Nantes. (miwi) Es sah fast so aus, als hätte jemand den Stecker bei Uwe Gensheimer gezogen. Als der Schlussgong des EHF-Pokal-Endspiels ertönte, sank der Linksaußen der Rhein-Neckar Löwen auf der Stelle zusammen und begrub sein Gesicht hinter seinen Händen. Eine unglaublich anmutende Geschichte hatte in diesem Moment ihr Ende gefunden – ein Stoff, der die Filmemacher in Hollywood ärgern dürfte – und das nur, weil er ihnen selbst zuvor nicht eingefallen war. Nach sechsmonatiger Verletzungspause feierte Gensheimer bei der Finalrunde in Nantes sein Comeback und gewann mit seinem Team nach einem 26:24 (16:12) gegen den HBC Nantes den ersten Titel der Klubgeschichte.

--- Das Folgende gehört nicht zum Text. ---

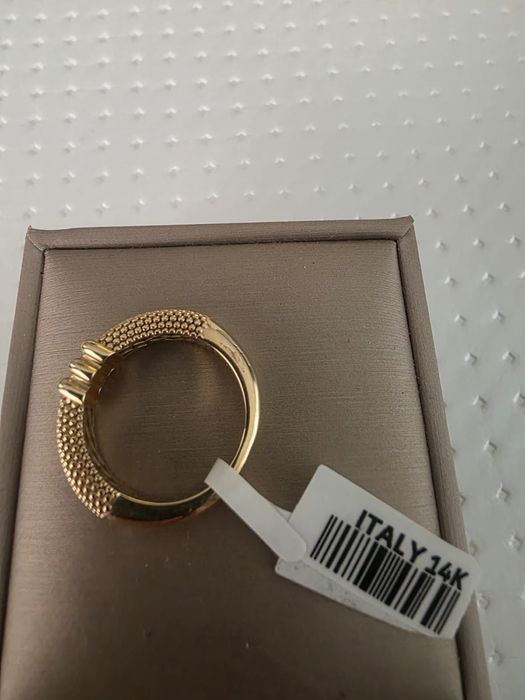 Золотое кольцо 19размер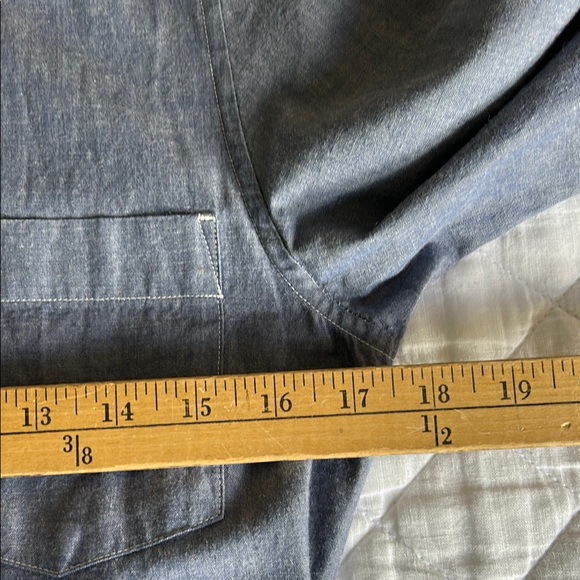 MHL Margaret Howell blue cotton chambray dress size II EUC. - Picture 10 of 11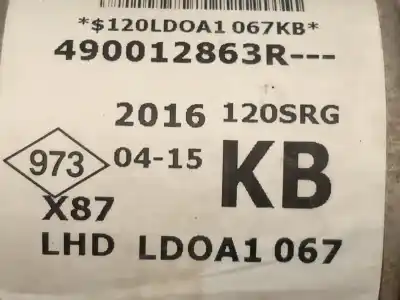 Автозапчастина б/у рульмова рейка для renault captur i (j5_, h5_) 1.5 dci 90 посилання на oem iam 490012863r  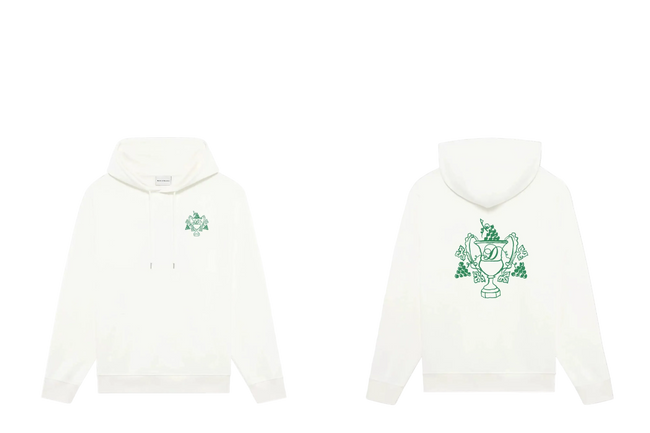 Drôle de Monsieur White Wizard Hat Graphic Heavyweight Hoodie Hover Image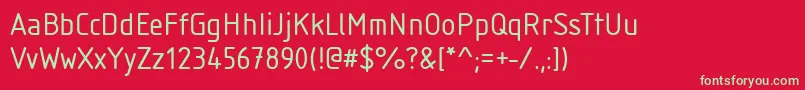 IsonormRegular Font – Green Fonts on Red Background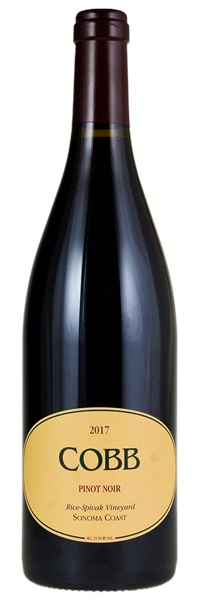 2017 Cobb Rice-Spivak Vineyard Pinot Noir, 750ml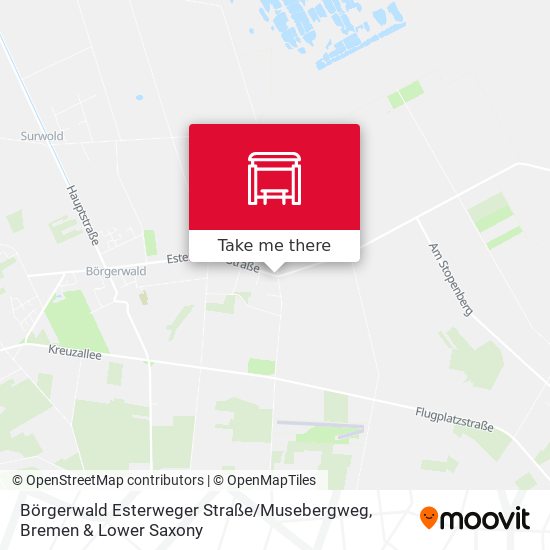 Börgerwald Esterweger Straße / Musebergweg map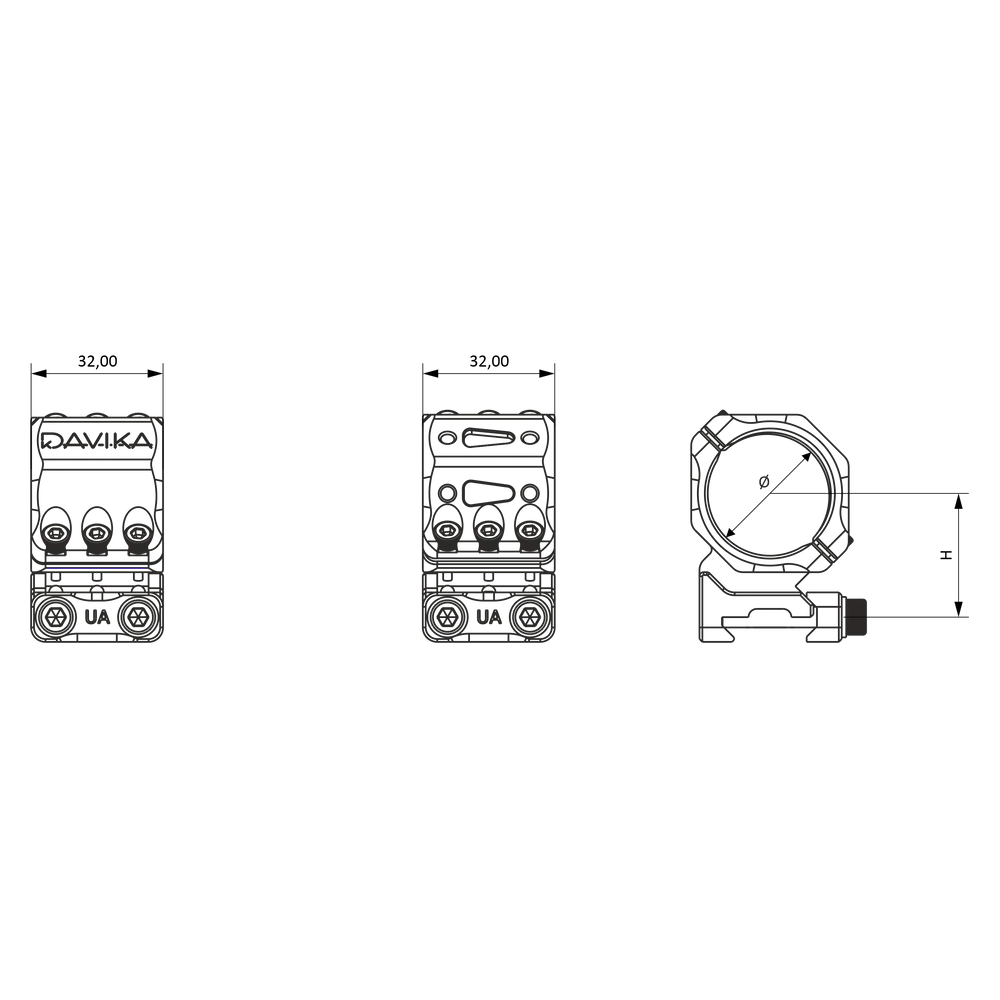 34 mm montageringen | Picatinny rail
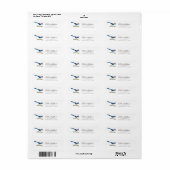 Holidays Scrub Jay Label (Vorne)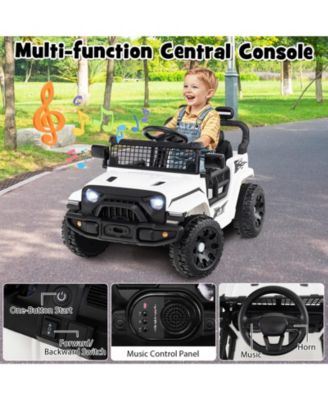 Kids Ride on Car Truck 12V Battery Powered Electric Vehicle w/ Foldable Mirrors
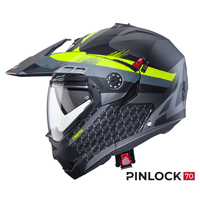 Casco Para Moto Caberg Tourmax X Sarabe Matt Gun Metal/Black/Yellow M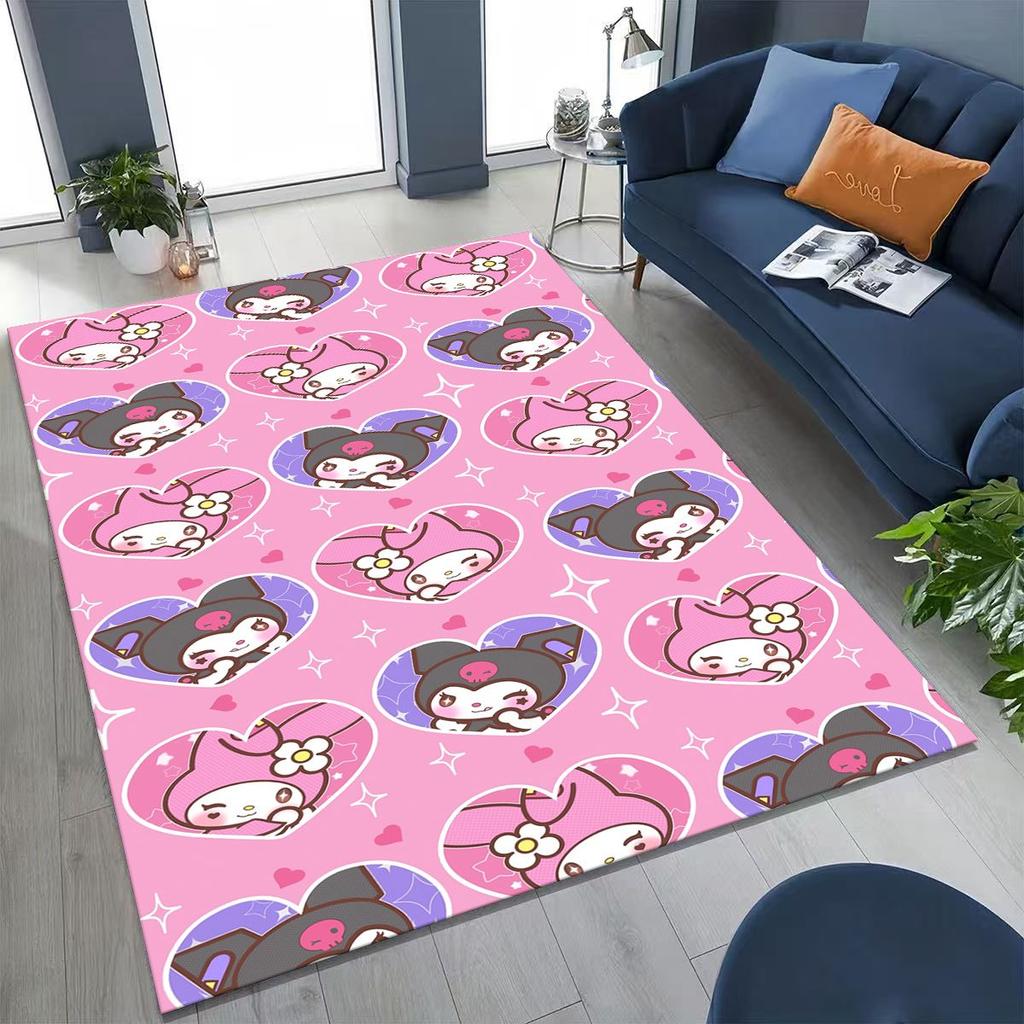 27 Style Cute My Melody Sanrio Rug for Bedroom Living Room Sofa Home Doormat Decor, Large Kids Play Non-slip Floor Mat Gift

Eine Woche zuvor, im Ligaspiel gegen GWD Minden, war noch alles wie immer in den zurückliegenden Monaten. Die Löwen kämpften auf dem Feld um Tore und Siege und ihr Kapitän saß zwei Meter hinter der Bank und versuchte, zumindest moralisch von dort aus zu helfen. Seit dem 24. November war das so, nachdem sich Gensheimer im Drittrundenspiel gegen die harmlosen Griechen Diomidis Argous die linke Achillessehne gerissen hatte. Es war die erste schwere Verletzung in der Karriere des Nationalspielers, der fortan nicht mehr als Anführer seines Teams auftreten konnte, sondern als Zuarbeiter.

„Das, was Uwe hier in Nantes gezeigt hat, ist überragend“, sagte Gudmundur Gudmundsson. Der Löwentrainer hatte genau auf den Effekt gehofft, der durch die Rückkehr Gensheimers eintrat. Im Halbfinale gegen Frisch Auf Göppingen stand der Linksaußen insgesamt zehn Minuten auf dem Feld und half mit 5/4 Toren beim 28:22-Sieg, den Einzug ins Endspiel zu sichern. Seinen großen Auftritt hatte er sich aber für das Finale aufgehoben, dem größten Spiel in der Geschichte seines Klubs.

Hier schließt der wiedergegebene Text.